Can I conclude that A has to be of the form $$A = B^{Ad} = det(B)B^{-1}$$? Or when is $$ AB = BA $$

Answer 1

Here are some choices for $A$ that commutes with $B$ in order of increasing complexity.

• $A=I$ then $AB=BA$,
• $A=B$ then $AB=BA$
• $A=B^n$ then $AB=BA$
• $A=\mathrm{polynomial}(B)$ then $AB=BA$
• If $B$ is invertible and $A=B^{-n}$ then $AB=BA$
• If $B$ is invertible and $A=\mathrm{polynomial}(B,B^{-1})$ then $AB=BA$

It was noted in the comments that the problem on when two matrices $A$ and $B$ commutes has been answered before, but I decided to give the short answer anyway.
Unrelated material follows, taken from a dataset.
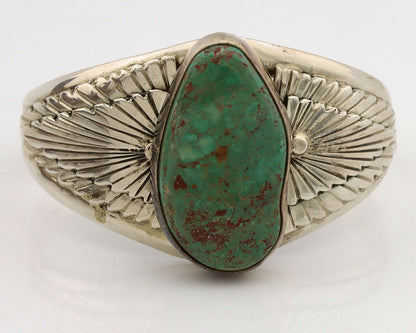 Navajo Cuff Bracelet .925 Silver Kingman Turquoise Artist Signed DC C.80's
The version of this problem that I am familiar is when $A$ and $B$ are symmetric, diagonalizable matrices. The diagonalizable case was discussed in the other problem and gives a superset of the examples I gave. When the two matrices are simultaneously diagonalizable then the matrices commute. i.e. if $A=P\Lambda P^\top$, $B=P\Sigma P^\top$ with $P$ an orthogonal matrix and $\Sigma$, $\Lambda$ diagonal matrices then $AB=BA$. The examples in the list above are in fact valid even when the matrices are not diagonalizable.